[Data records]
* * *

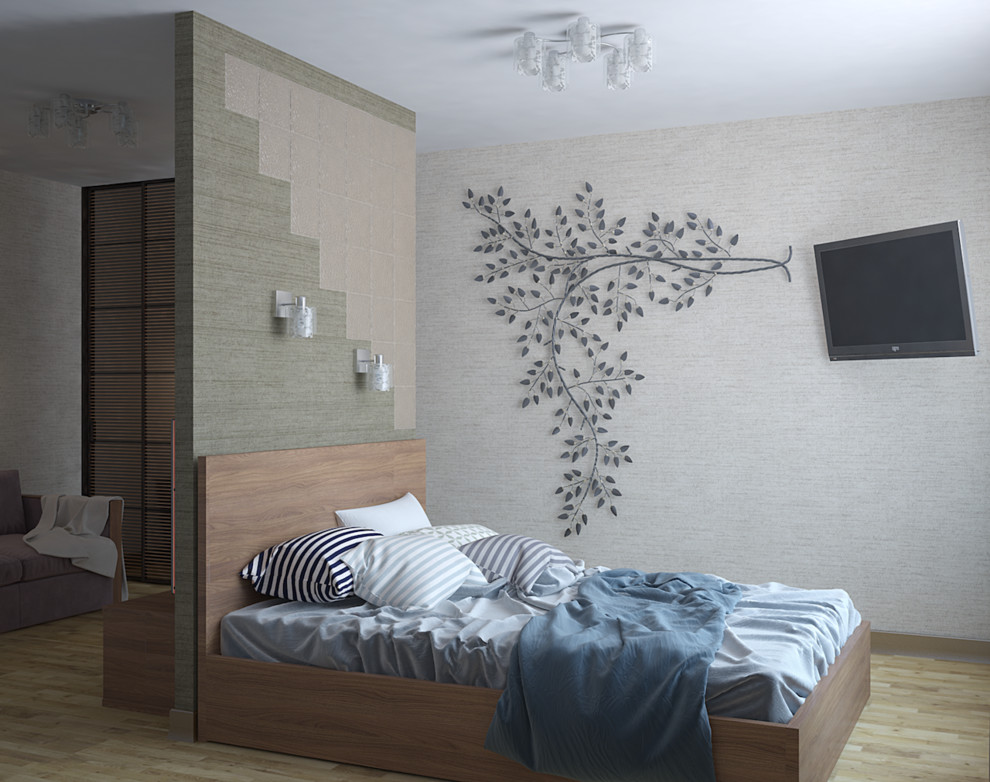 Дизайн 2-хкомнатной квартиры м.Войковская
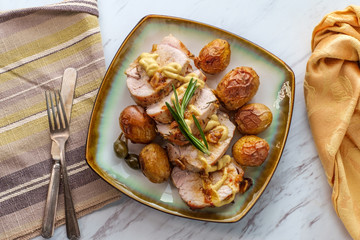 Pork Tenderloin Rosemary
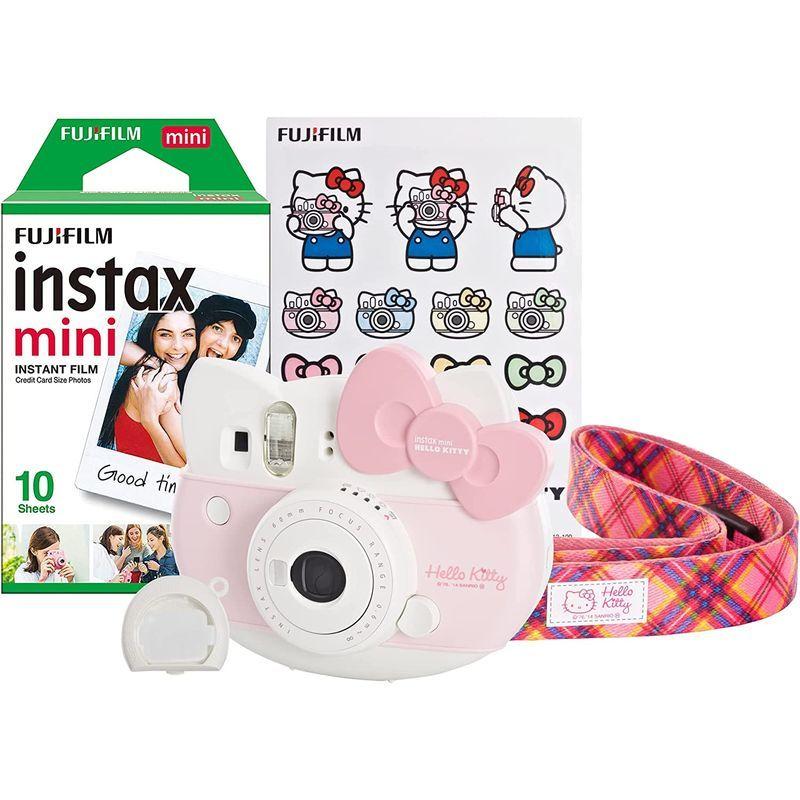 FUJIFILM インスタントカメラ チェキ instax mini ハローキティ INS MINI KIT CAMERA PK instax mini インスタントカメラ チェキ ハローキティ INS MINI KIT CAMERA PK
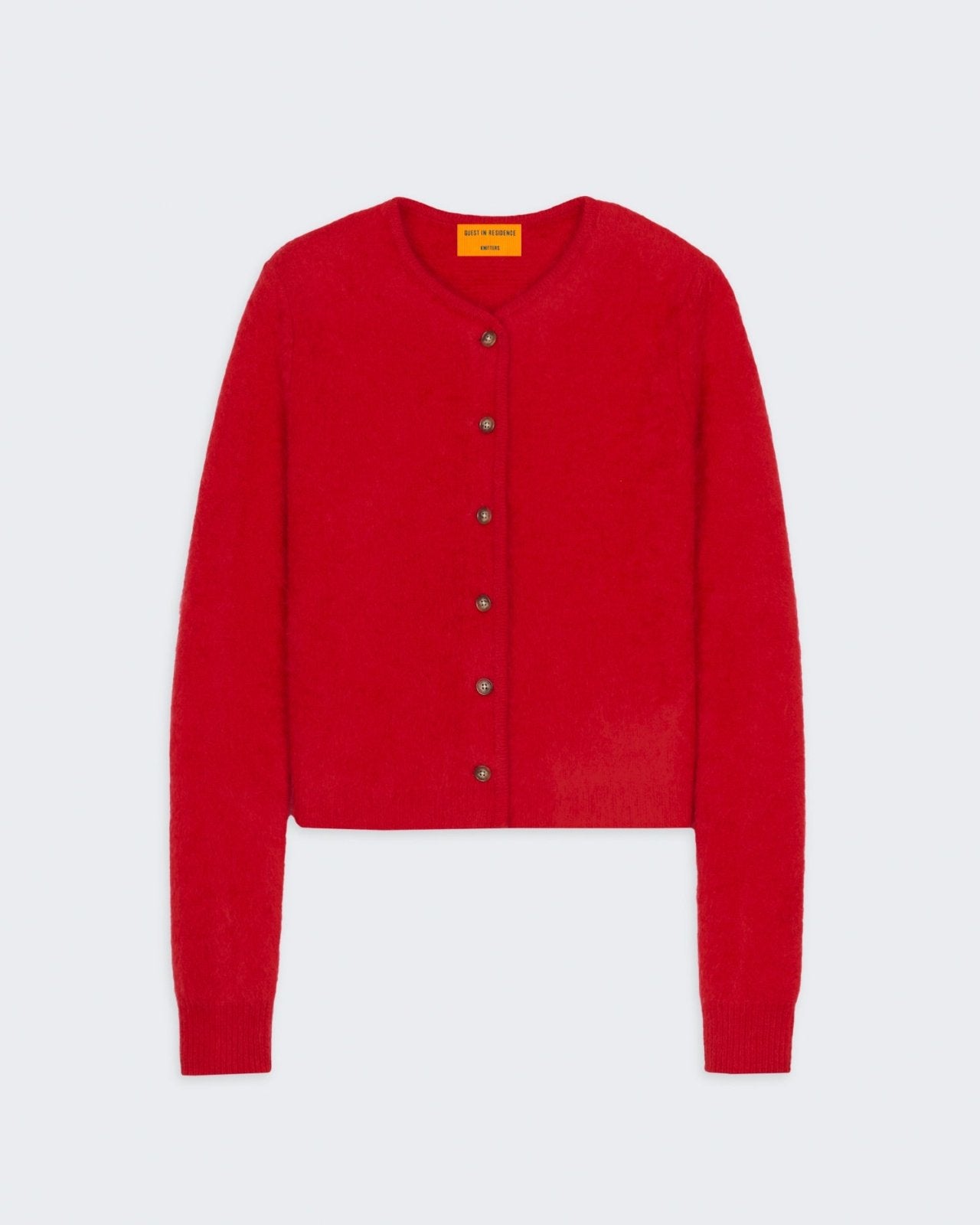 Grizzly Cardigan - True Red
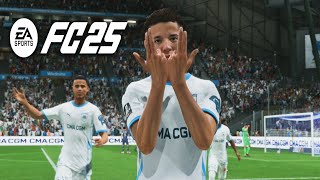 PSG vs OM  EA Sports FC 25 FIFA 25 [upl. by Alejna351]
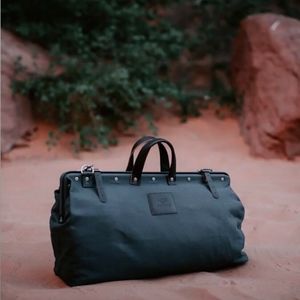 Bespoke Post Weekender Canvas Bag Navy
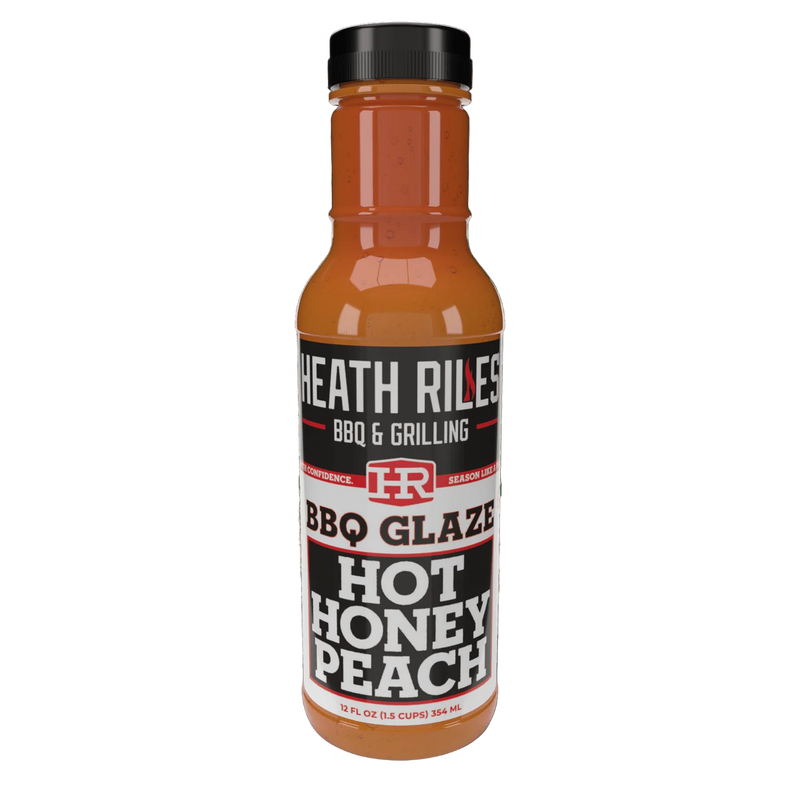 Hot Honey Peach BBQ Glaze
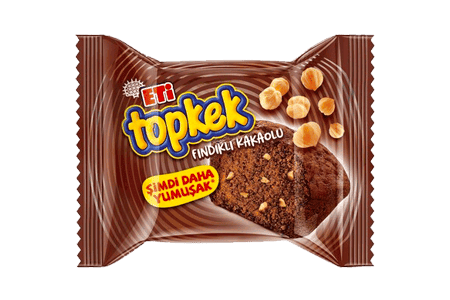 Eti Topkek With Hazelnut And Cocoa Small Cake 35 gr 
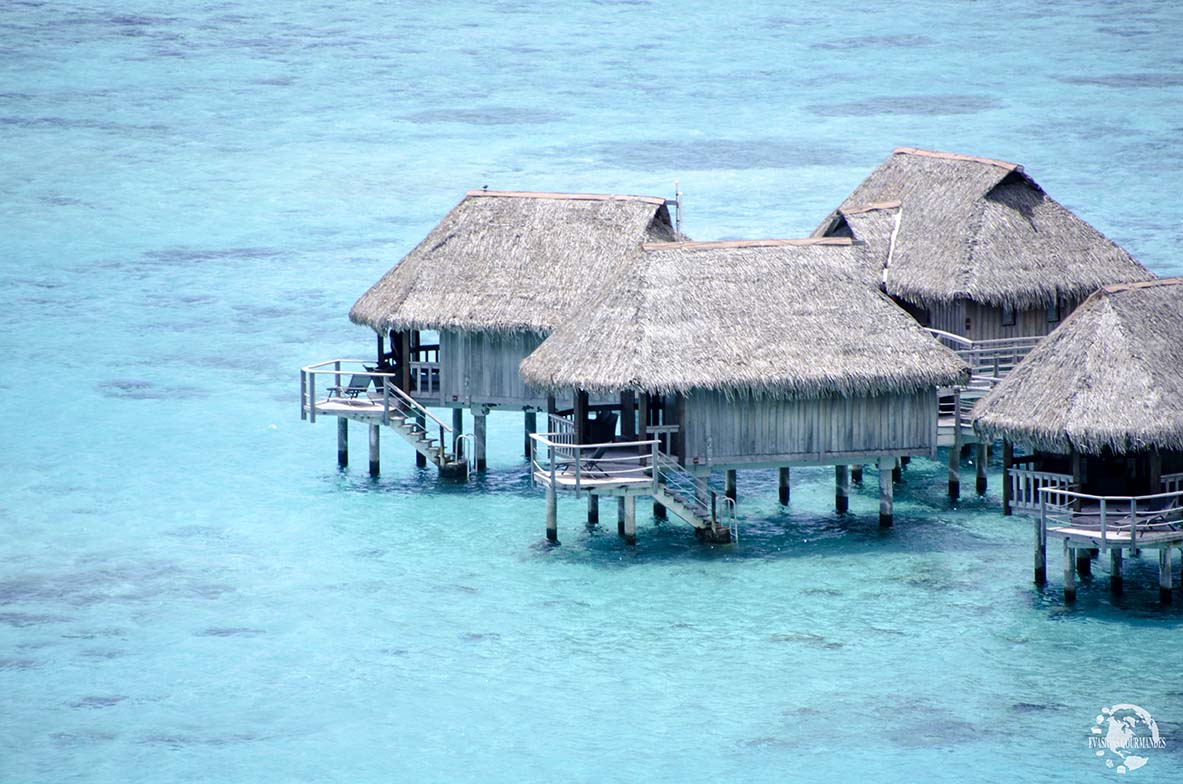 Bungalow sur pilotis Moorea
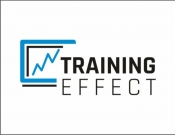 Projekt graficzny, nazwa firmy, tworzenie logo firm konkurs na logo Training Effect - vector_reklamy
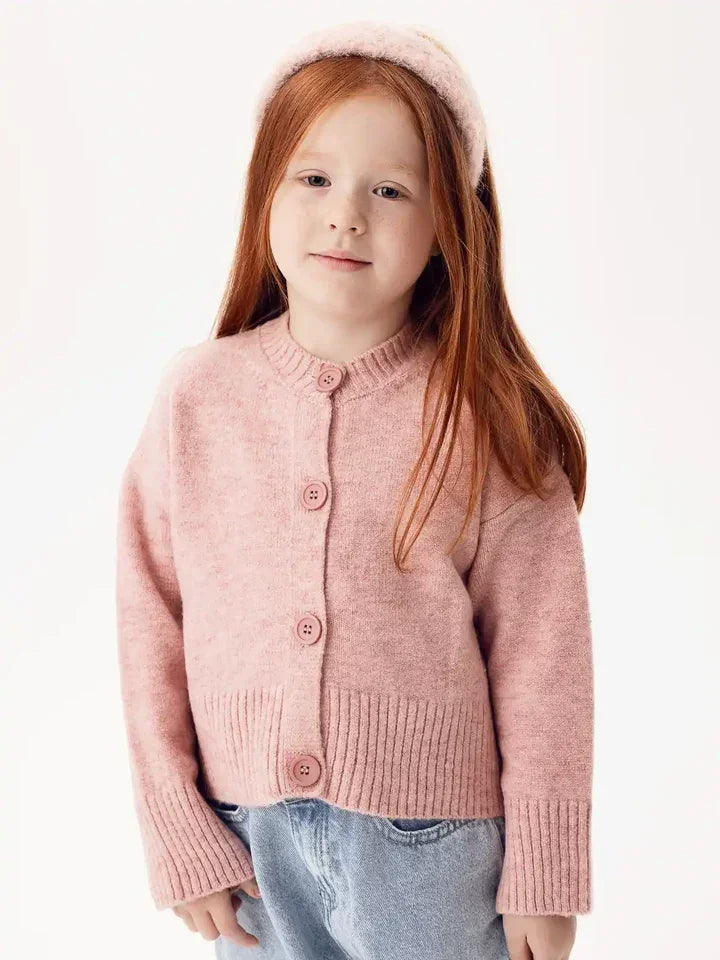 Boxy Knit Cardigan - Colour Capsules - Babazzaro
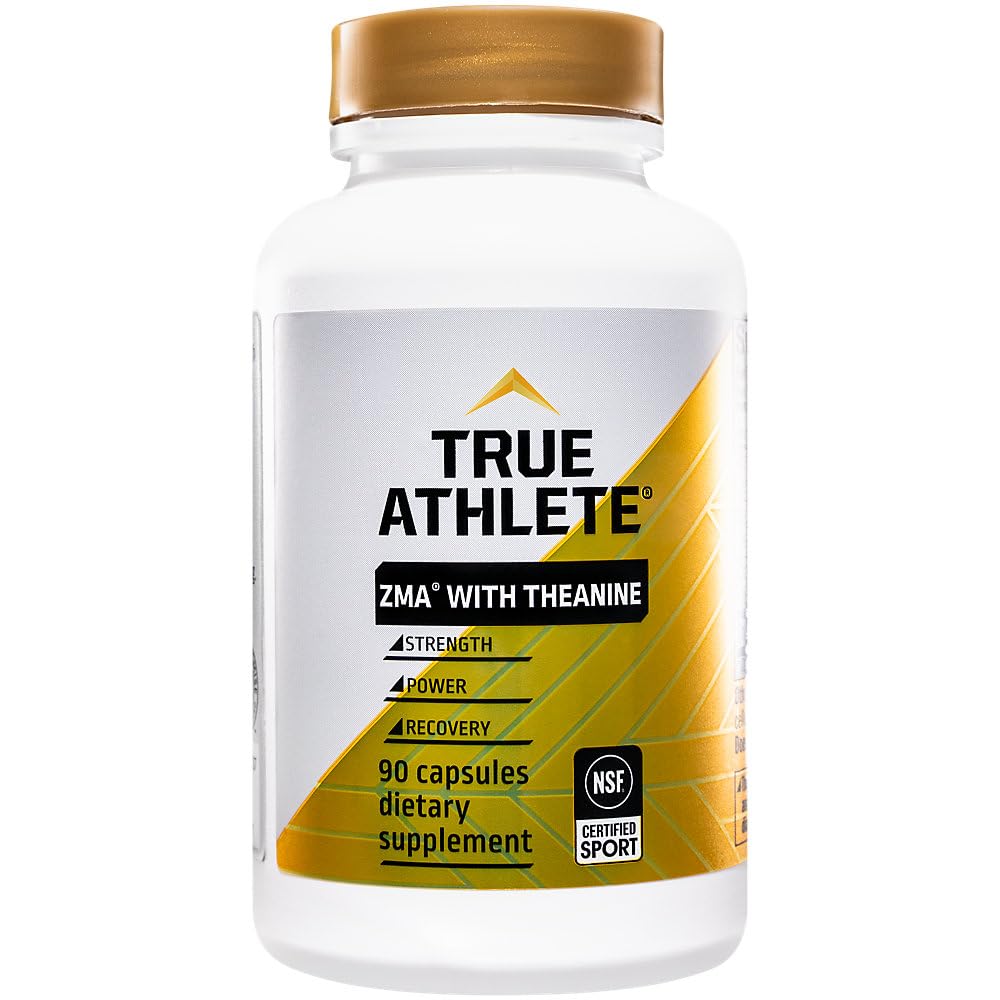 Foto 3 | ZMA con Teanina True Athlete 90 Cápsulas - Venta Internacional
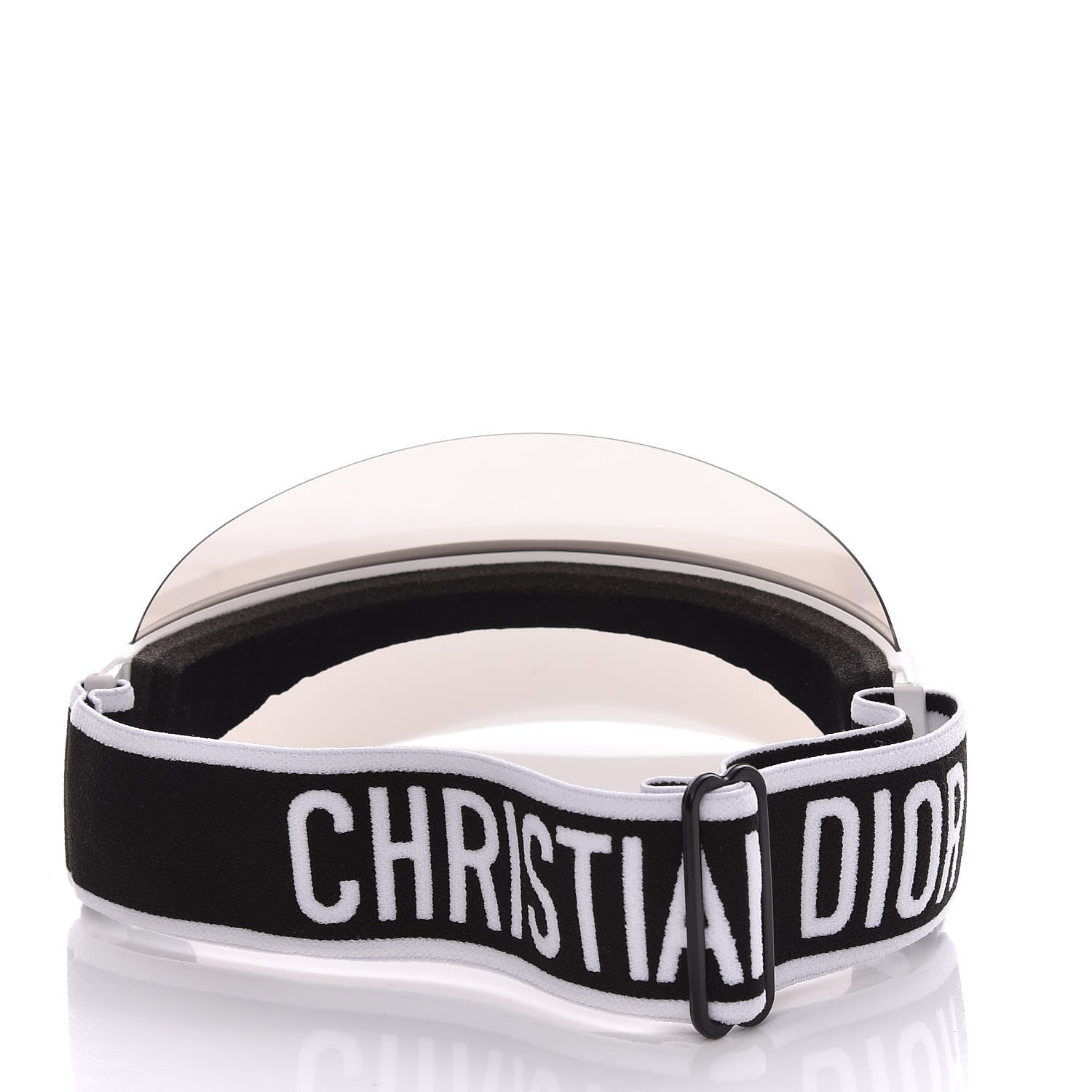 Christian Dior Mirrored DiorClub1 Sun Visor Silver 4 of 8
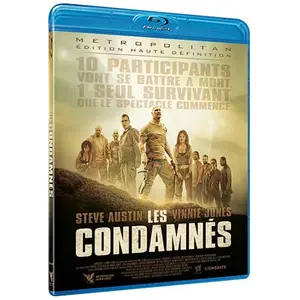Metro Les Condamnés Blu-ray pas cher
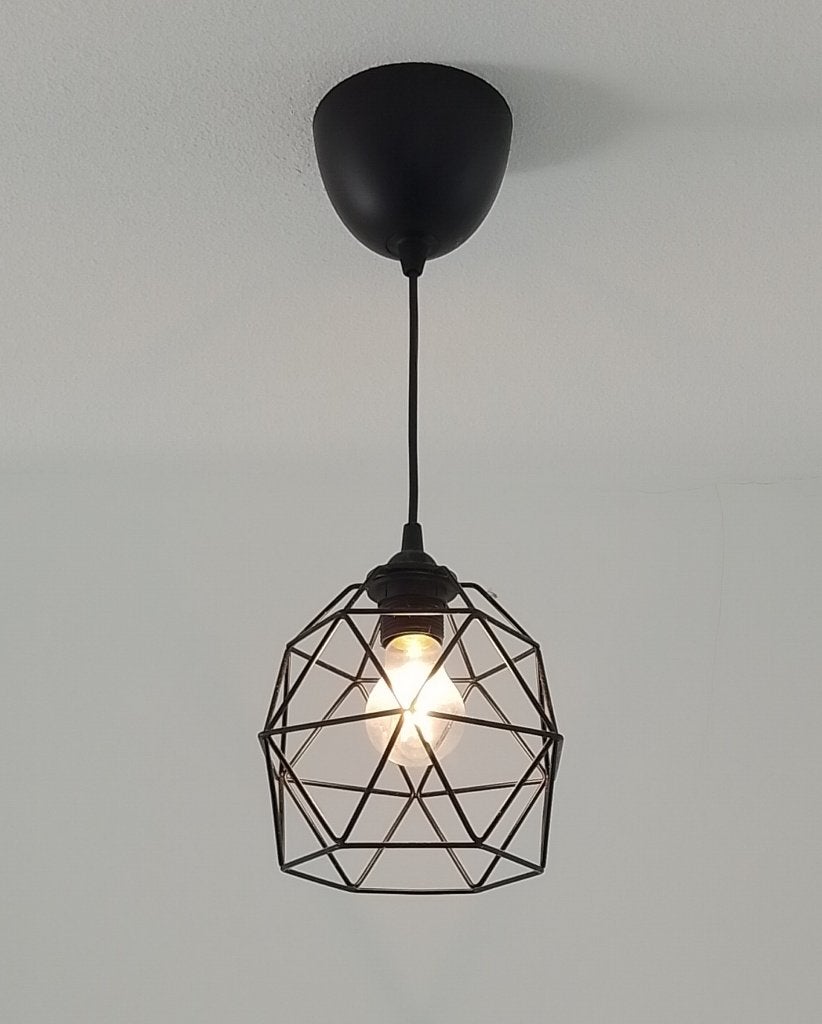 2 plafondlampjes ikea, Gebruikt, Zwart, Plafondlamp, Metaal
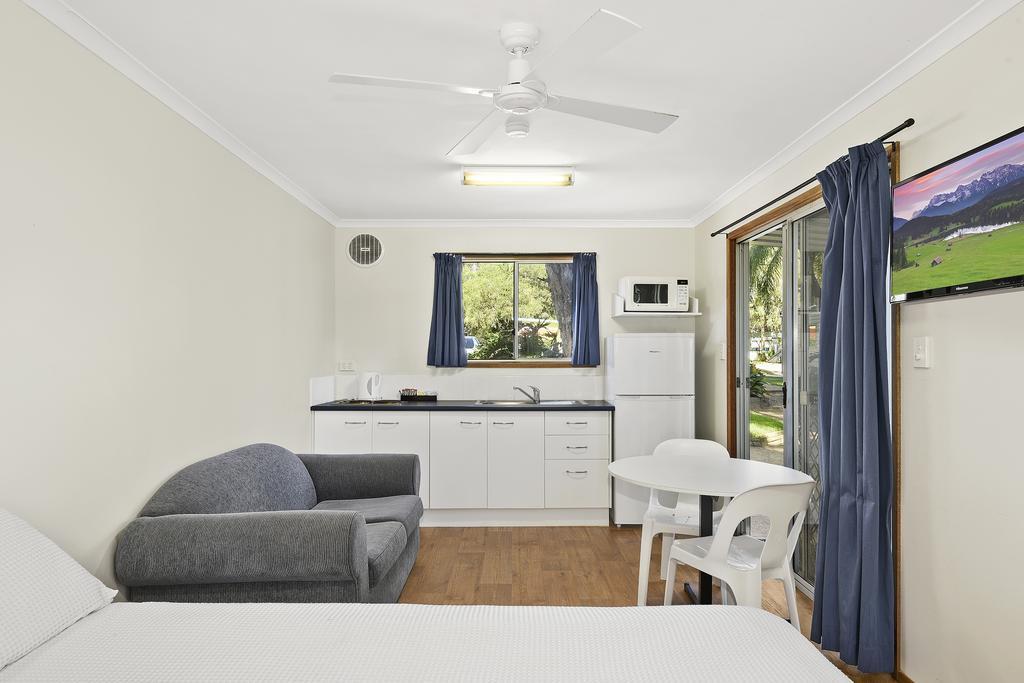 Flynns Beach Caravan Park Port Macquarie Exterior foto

* * *

:: TASK PROMPT ::
Exclude the pictures and transcribe all of the entries exactly.

:: ANSWER TO THE EXERCISE ::
 Дизайн 2-хкомнатной квартиры м.Войковская
 Pork Tenderloin Rosemary
 FUJIFILM インスタントカメラ チェキ instax mini ハローキティ INS MINI KIT CAMERA PK instax mini インスタントカメラ チェキ ハローキティ INS MINI KIT CAMERA PK
 Grizzly Cardigan - True Red
 PSG vs OM  EA Sports FC 25 FIFA 25 [upl. by Alejna351]
 Bespoke Post Weekender Canvas Bag Navy
 Hot Honey Peach BBQ Glaze
 Eti Topkek With Hazelnut And Cocoa Small Cake 35 gr 
 Bungalow sur pilotis Moorea
 Projekt graficzny, nazwa firmy, tworzenie logo firm konkurs na logo Training Effect - vector_reklamy
 Boxy Knit Cardigan - Colour Capsules - Babazzaro
 Foto 3 | ZMA con Teanina True Athlete 90 Cápsulas - Venta Internacional
 Christian Dior Mirrored DiorClub1 Sun Visor Silver 4 of 8
Metro Les Condamnés Blu-ray pas cher
 2 plafondlampjes ikea, Gebruikt, Zwart, Plafondlamp, Metaal
 Flynns Beach Caravan Park Port Macquarie Exterior foto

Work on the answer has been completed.